With no universally accepted understanding of what constitutes time, various models of time currently exist, reflected in people’s personal perceptions and their philosophical position. It may not be possible to discover which of these models is a true representation of time even if the technology of time travel has been developed, or until we have a full theory of quantum gravity.[9]
Therefore, if scientists and philosophers cannot agree on a universal model of time, then how can filmmakers decide which models of time to use in their films? And if the filmmakers do not know which models of time are accurate, then what chance do the movie-going public have of separating fact, speculation and fiction?
Time travel in the public eye
The topic of time travel has been placed in the public domain by the high number of television shows, plays, novels, computer games, and particularly films in the two decades following the mid-80s when The Terminator (1984) and Back to the Future (1985) were released.[10]
However, the unresolved issues and controversies in science are not in the public domain, so what the public accesses is perceived as science fiction, loosely based on these issues.
Films involving time travel are also important because new science can come from science fiction as explained by Nahin (1993, p. ix).
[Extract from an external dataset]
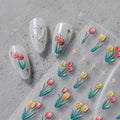 LuLuFun Studio Tulip Flower Star 5D Embossed Nail Deco Sticker - 1 Sheet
Smart physicists seek insights everywhere, including from clever science fiction writers, who long ago began probing seriously the logical consequences that would ensue if the laws of physics permitted time travel. For example, Igor Novikov’s Principle of Self Consistency has its roots in science fiction.
When Carl Sagan was writing his novel Contact, he asked his friend, physicist Kip Thorne, how he could transport a person to a distant star and back with virtually no time having passed on Earth. By considering this question, “Thorne revitalized the whole modern field of the study of wormholes” (Palmer, 1997).
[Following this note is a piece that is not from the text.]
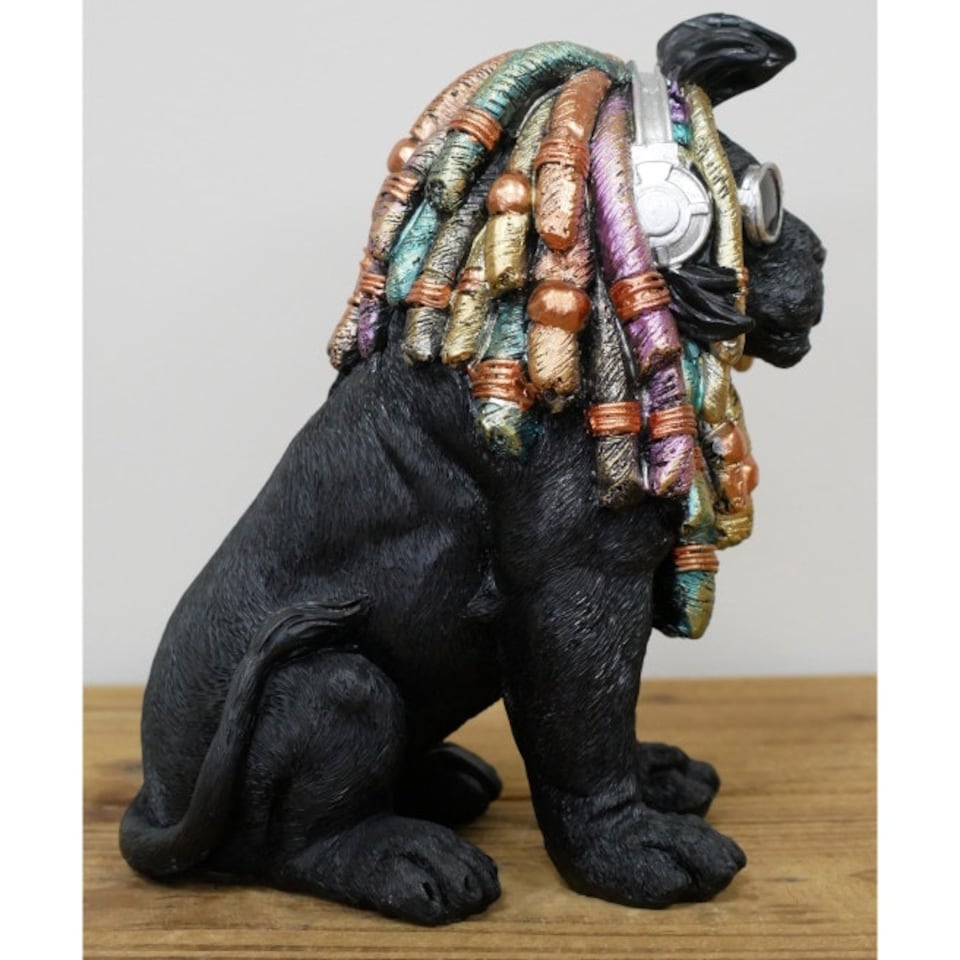image 1 of Gifts Direct 2 U Black Lion With Dreadlocks Ornament Black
In the medium of film, the answers to many of the unanswered questions about time travel frame the underlying hypothesis around which the narrative is built. An analysis of the narrative therefore provides an opportunity for deducing the model of time travel employed in each film, which then enables a comparison of the models with conventional scientific ideas and with the public perception of time travel.
[1] These theories and others are discussed in more detail in the section, ‘The Paradoxes of Backwards Time Travel’ which begins on page 62 of Chapter Three.
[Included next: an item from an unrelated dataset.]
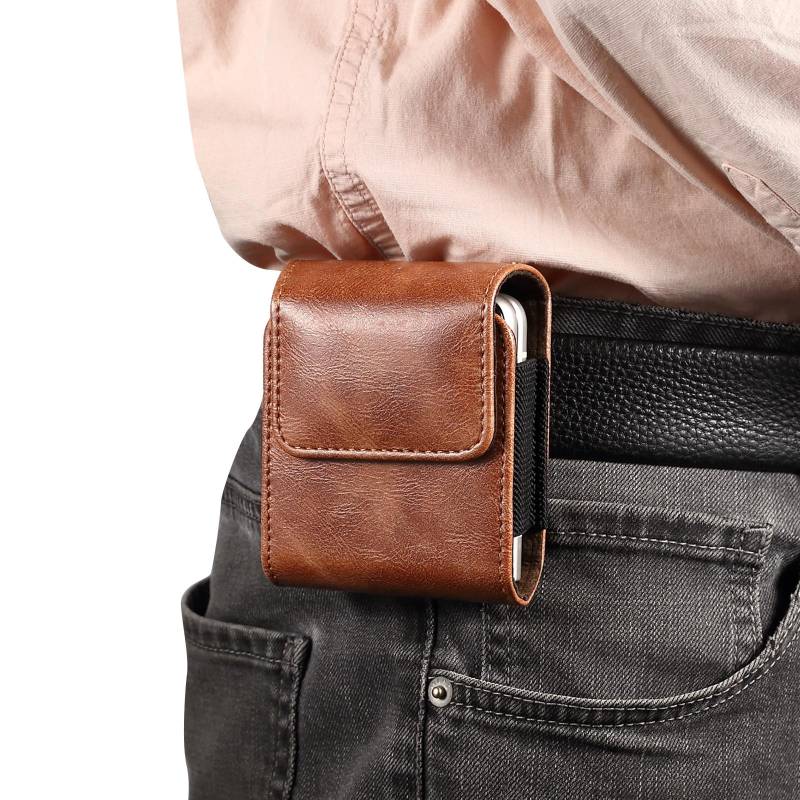 Luxus Leder Gürtel Clip Handytasche Taille Tasche für Samsung Z Flip 5 4 3 5G, Galaxy Z Flip5 Flip4, Oppo Find N2 Flip, Moto Razr 40 Männer Holster Tasche Abdeckung Motorola Razr 50 Ultra von Joom DACH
[2] Most (but not all) cosmological models are globally hyperbolic and cannot accommodate CTCs.
[3] Oedipus unwittingly fulfils a prophecy that foretells he will kill his father and marry his mother.
[4] The A and B theories of time are discussed more fully on page 42 of Chapter Three.
[5] Entropy is the quantitative measure of disorder in a system. This hugely controversial topic is discussed more fully in the section ‘The arrow of time’ on page 50 of Chapter Three.
[6] There is also the case of the exception of CP symmetry violation, and therefore by the CPT theorem, time reversal asymmetry in the weak interaction, (where C is charge, P is parity and T is time).
[7] The block universe is discussed more fully in the section, ‘The block universe theory of time’ on page 44 of Chapter Three.
[8] This is known as ‘time dilation’ and how this may be interpreted as forwards time travel is discussed more fully in the section, ‘Time dilation and relativity’ on page 53 of Chapter Three.
[9] Quantum gravity is discussed more fully in the section ‘A universe without time’ on page 51 of Chapter Three.
[10] The rising trend in the number of time travel films released is discussed in the ‘Results and Analysis’ section on page 91 of Chapter Four.